Stored data:
=-=-=-=-=
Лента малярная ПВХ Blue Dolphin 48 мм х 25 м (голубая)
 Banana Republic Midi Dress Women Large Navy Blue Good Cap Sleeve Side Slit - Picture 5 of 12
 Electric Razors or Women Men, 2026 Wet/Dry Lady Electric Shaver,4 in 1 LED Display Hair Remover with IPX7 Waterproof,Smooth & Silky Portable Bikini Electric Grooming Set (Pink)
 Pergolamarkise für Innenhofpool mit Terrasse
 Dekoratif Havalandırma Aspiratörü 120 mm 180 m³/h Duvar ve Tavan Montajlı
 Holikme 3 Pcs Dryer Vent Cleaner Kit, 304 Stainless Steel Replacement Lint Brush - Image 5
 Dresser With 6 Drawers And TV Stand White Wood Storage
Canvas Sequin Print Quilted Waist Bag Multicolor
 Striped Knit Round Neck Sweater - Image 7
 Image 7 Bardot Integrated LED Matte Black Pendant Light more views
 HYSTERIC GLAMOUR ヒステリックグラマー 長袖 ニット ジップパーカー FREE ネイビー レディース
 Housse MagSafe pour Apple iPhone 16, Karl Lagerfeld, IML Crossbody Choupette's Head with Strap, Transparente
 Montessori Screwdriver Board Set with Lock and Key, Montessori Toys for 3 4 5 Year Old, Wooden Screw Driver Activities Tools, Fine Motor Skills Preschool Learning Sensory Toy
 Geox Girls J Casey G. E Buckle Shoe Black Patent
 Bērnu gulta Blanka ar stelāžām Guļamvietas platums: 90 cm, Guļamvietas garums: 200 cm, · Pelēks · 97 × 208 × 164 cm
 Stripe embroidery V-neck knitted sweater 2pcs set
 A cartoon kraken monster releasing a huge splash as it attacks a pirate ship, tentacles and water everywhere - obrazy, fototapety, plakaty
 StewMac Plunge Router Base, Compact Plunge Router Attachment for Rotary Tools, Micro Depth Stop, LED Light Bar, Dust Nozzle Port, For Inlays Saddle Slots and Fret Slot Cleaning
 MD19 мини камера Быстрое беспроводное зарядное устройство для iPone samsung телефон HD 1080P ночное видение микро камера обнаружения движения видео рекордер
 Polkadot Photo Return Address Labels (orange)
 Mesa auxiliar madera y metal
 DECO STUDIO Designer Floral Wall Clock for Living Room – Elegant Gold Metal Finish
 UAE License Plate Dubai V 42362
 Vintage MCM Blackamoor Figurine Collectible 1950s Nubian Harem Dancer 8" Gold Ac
=-=-=-=-=
**What is needed**
Only the lines above that hold "Gold" are wanted. Show every one of them.

**Solution for this task**
 DECO STUDIO Designer Floral Wall Clock for Living Room – Elegant Gold Metal Finish
 Vintage MCM Blackamoor Figurine Collectible 1950s Nubian Harem Dancer 8" Gold Ac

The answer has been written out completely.